Starring: Colin Clive, Mae Clark, Boris Karloff
Director: James Whale
Running Time: 70 mins
Frankenstein is an American film about a genius but obsessed scientist who creates a living being out of various human remains. However, when his project finally succeeds, he and the people of his town soon find the rise of a monster-like man problematic.
If there’s a classic story that everyone knows, then Frankenstein has to be up there. Legendary in every right, the tale of Frankenstein’s Monster is a fascinating one, and this film brings a strong atmosphere to the story. Although it’s by no means the scariest and most emotionally enthralling movie of all time, Frankenstein is an intriguing watch throughout.
The most impressive thing about this film is easily the atmosphere. Taking on a similar approach to German Expressionist films of the 1920s like Nosferatu, Frankenstein is a decidedly eerie film, and it’s that that makes it a very engaging watch. Director James Whale’s dark and gloomy visual palette (even by black-and-white standards) is integral to making that vibe so strong, and it really helps to make some of the story’s darkest moments feel all the more powerful.
What’s more is that the makeup, costume and production design is excellent. Something that many horror films of the early talkie era did exceptionally well, the look of the world this story is set in is fully convincing, as well as a major player in the story itself. On the one hand, almost every location (apart from one) has an overbearing sense of gloominess to it, with all the buildings lined by sharp edges and spires, an effect made even stronger by the dynamic cinematography.

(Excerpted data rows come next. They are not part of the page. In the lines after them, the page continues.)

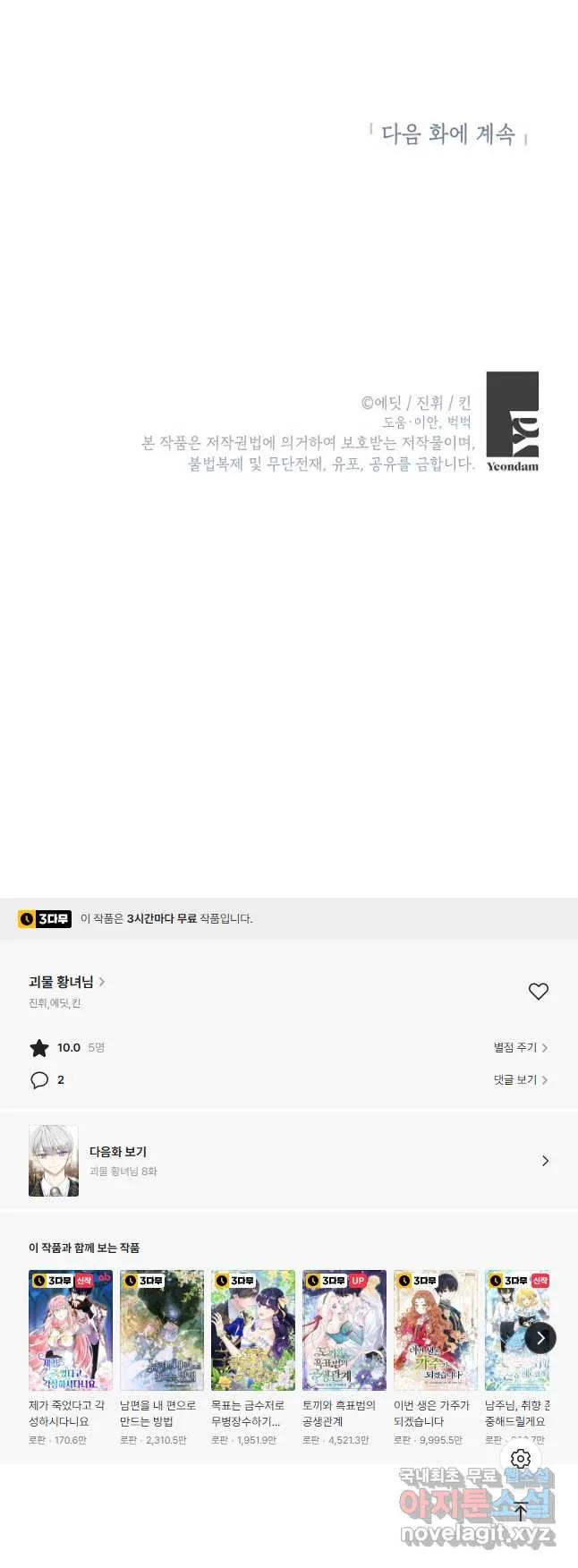 Webtoon Image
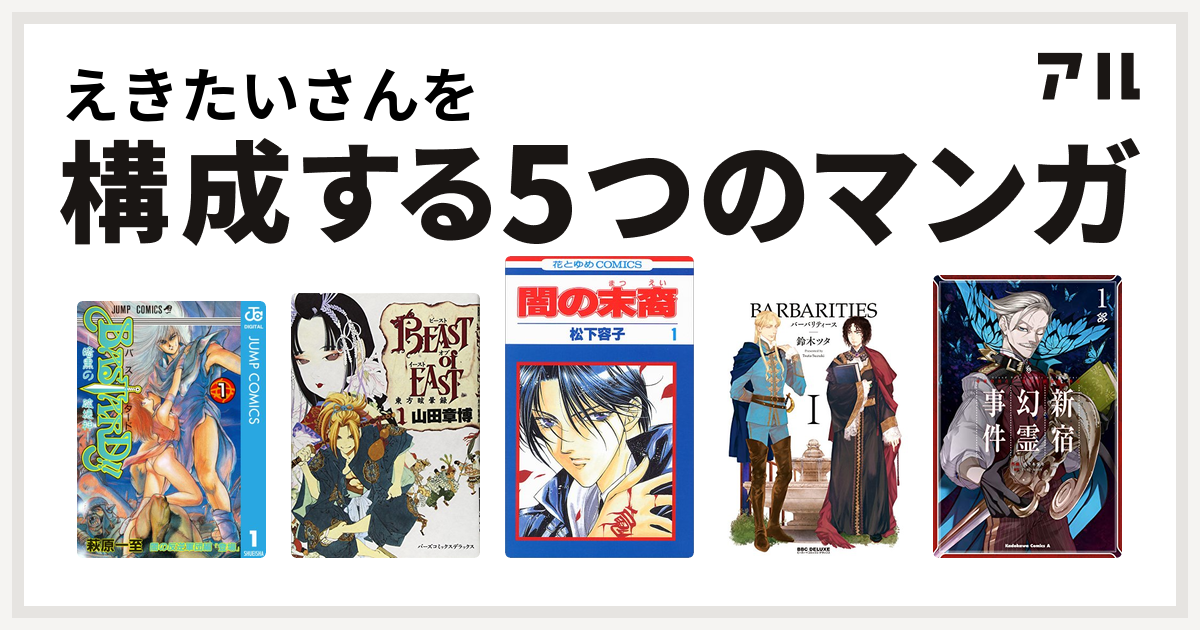 えきたいさんを構成するマンガはbastard 暗黒の破壊神 Beast Of East 闇の末裔 Barbarities I Fate Grand Order Epic Of Remnant 亜種特異点i 悪性隔絶魔境 新宿 新宿幻霊事件 私を構成する5つのマンガ アル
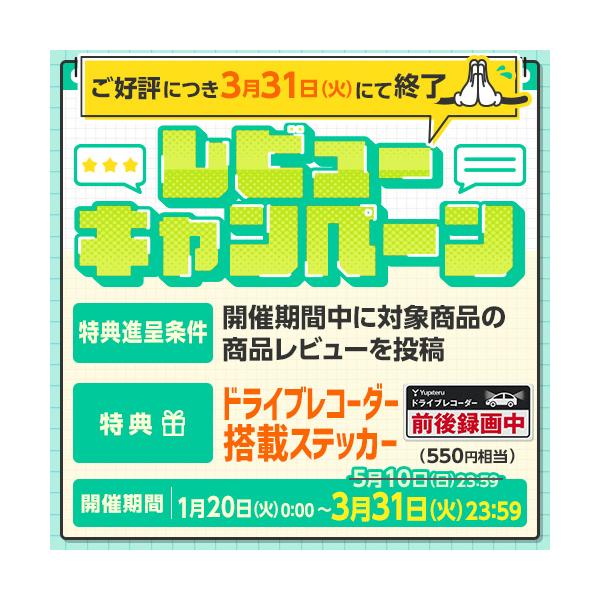 ypdirect_71559_1_d_20260305181202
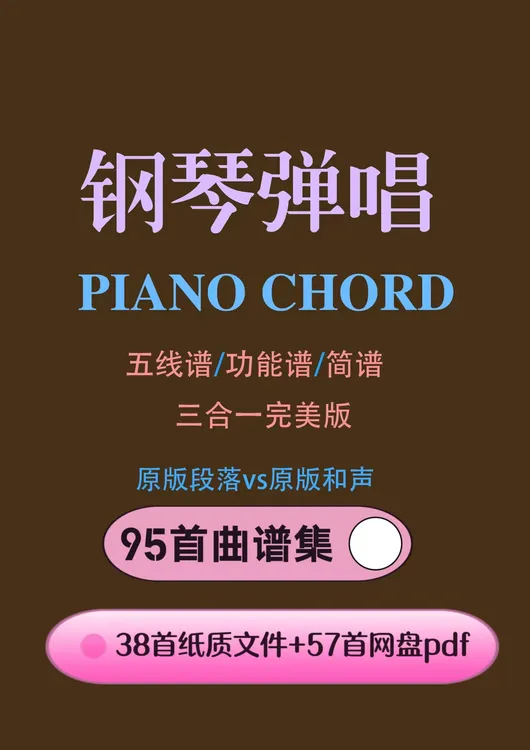 95首钢琴弹唱曲谱集（书上38首+网盘pdf57首）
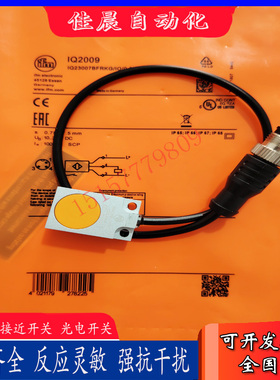 全新IFM易福门IQ2002 IQ2010 IQ2011 IQ2009 IQ2008 IQ207 IQ2006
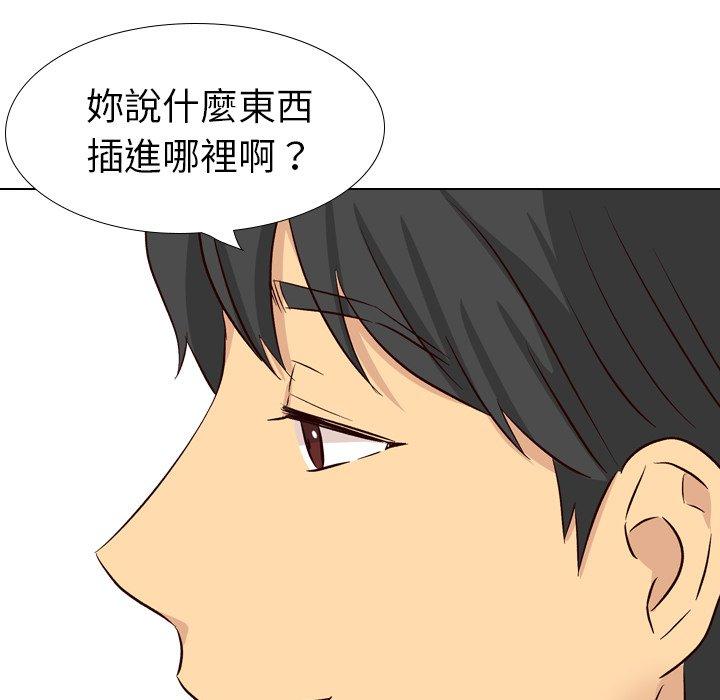 哪有學妹這麼乖 第 39 話 第162页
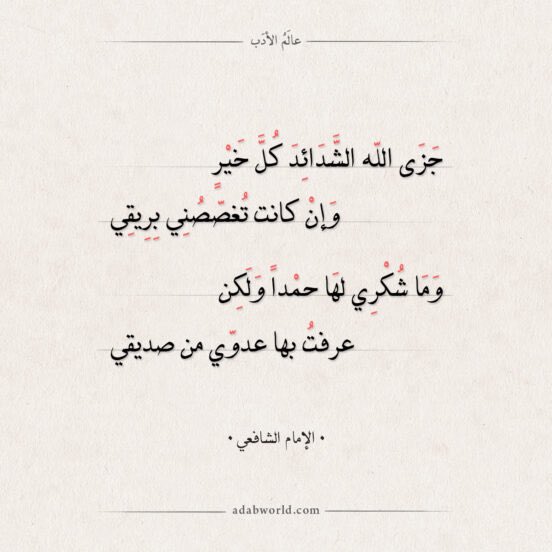 سعود الرقراق tweet media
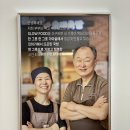 진미가푸드 이미지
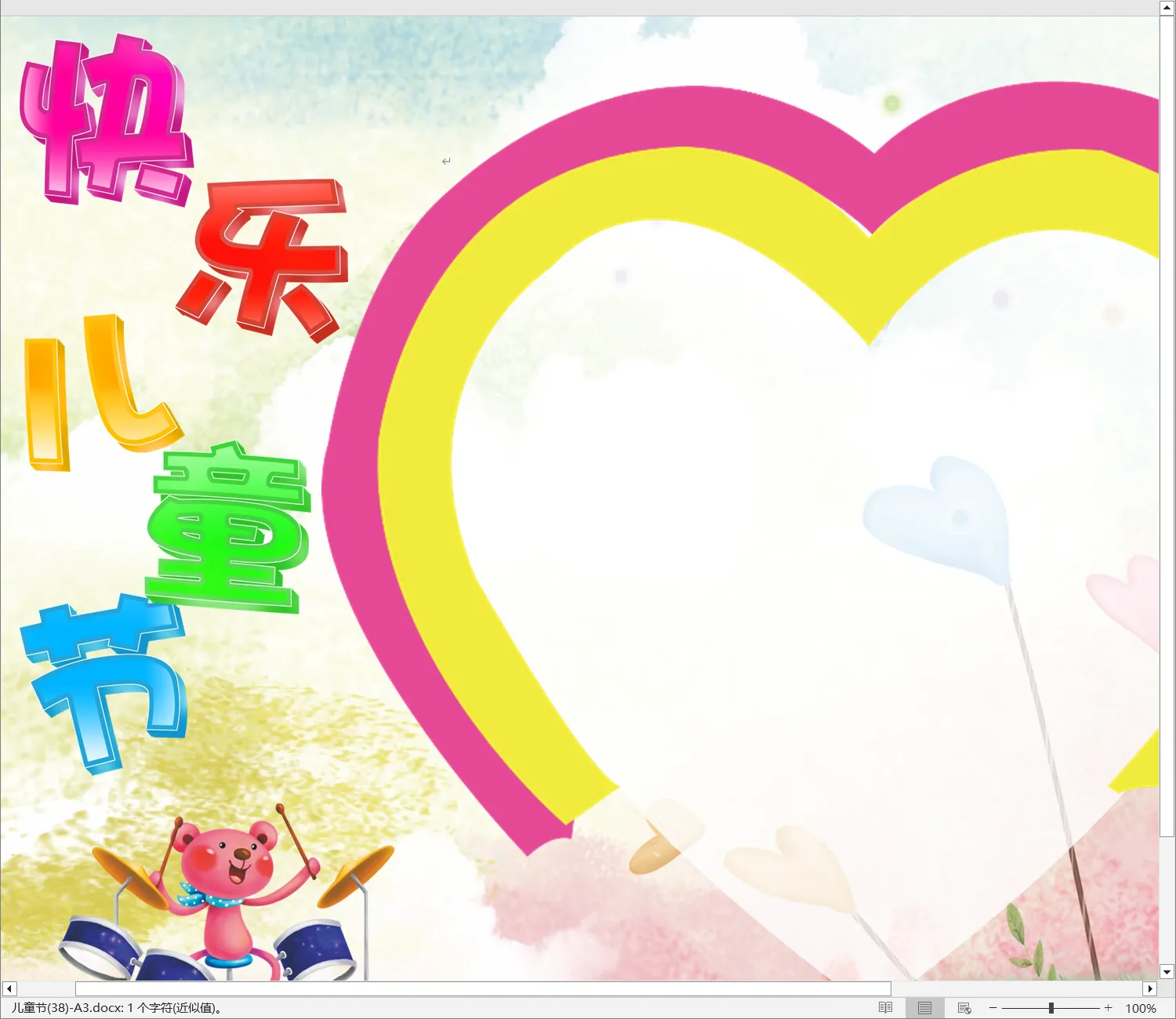儿童节(38)-A3.webp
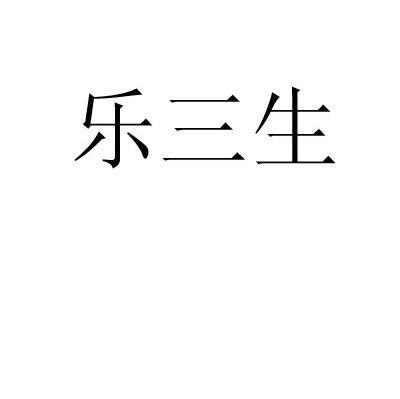 乐三生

Also, the design of Frankenstein’s monster is excellent. Now pretty much the definitive look of the classic monster, he’s without a doubt an unnerving presence, thanks to the combination of the huge costume that makes Boris Karloff tower over all those around him, as well as the brutalist face makeup and dark clothing.
However, there’s something also about Frankenstein’s monster that comes through as very human, and that’s the most important reason that this story works so well in this film. Whilst initially an unnerving presence, the costume design allows us enough to see through to the humanity of the monster, and ultimately be able to care for his safety in the face of the growing opposition to his existence.
The early development of that dilemma is very interesting to see, coming to a head at the film’s brightest point where the monster comes across a little girl by the lake, standing out hugely in my mind because of its uniquely bright lighting and atmosphere, although it still retains an excellent degree of caution and eeriness in keeping with the rest of the film.
Overall, Frankenstein is a fascinating horror classic, and whilst it may be difficult to judge it in the same league as modern horrors, it’s an effectively eerie and engaging story that works brilliantly thanks to its stylistic directing, cinematography, makeup, costume and production design, and that’s why I’m giving it a 7.2.